▶ **Required action**
Look in the material below for the line holding "337full Download Computer-Assisted". Set it down exactly, with each later line up to and including the line holding "23坪新成屋(5年以下)＿北".

▶ **Exercise material**
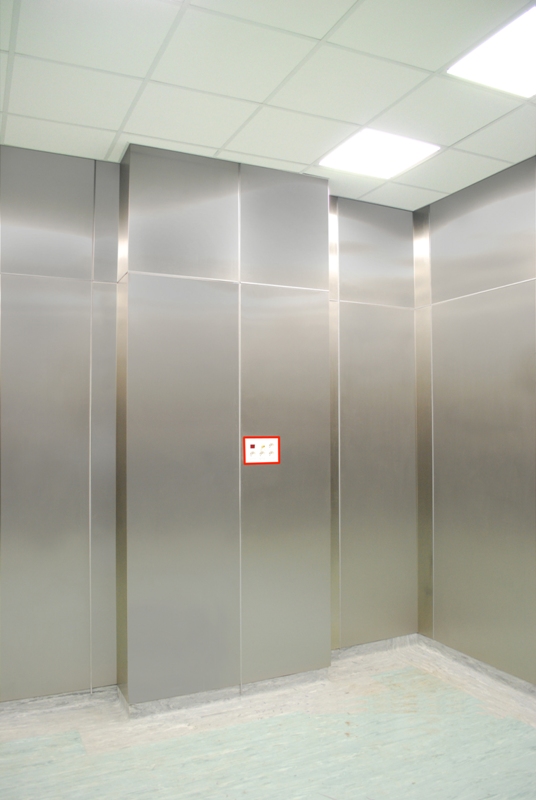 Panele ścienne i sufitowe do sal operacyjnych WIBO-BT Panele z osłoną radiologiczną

...

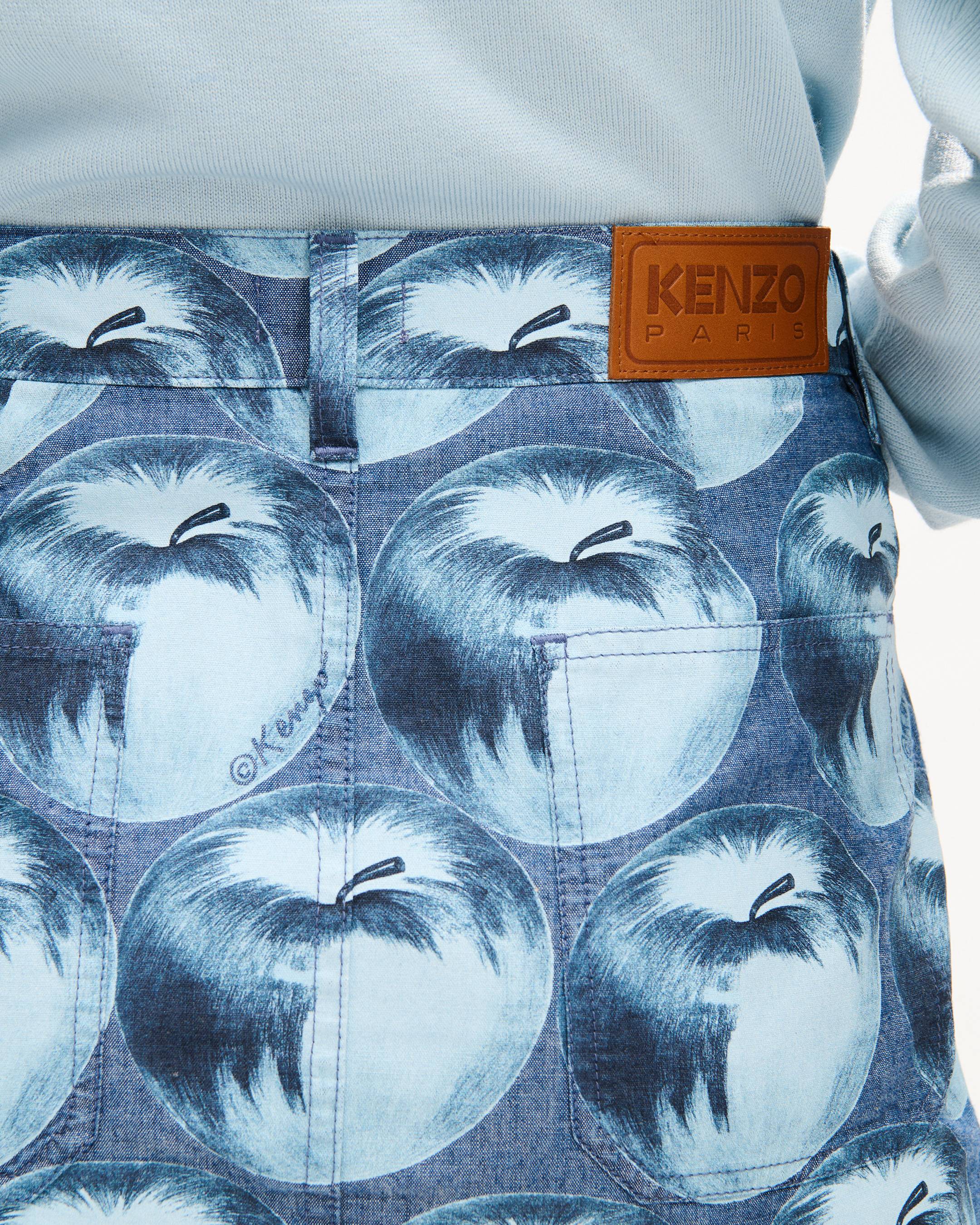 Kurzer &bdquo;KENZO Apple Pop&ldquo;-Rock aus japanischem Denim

* * *

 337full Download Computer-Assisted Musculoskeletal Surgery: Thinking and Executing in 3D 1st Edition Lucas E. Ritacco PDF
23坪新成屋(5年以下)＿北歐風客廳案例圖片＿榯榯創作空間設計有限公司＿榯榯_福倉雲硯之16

▶ **The answer**
 337full Download Computer-Assisted Musculoskeletal Surgery: Thinking and Executing in 3D 1st Edition Lucas E. Ritacco PDF
23坪新成屋(5年以下)＿北歐風客廳案例圖片＿榯榯創作空間設計有限公司＿榯榯_福倉雲硯之16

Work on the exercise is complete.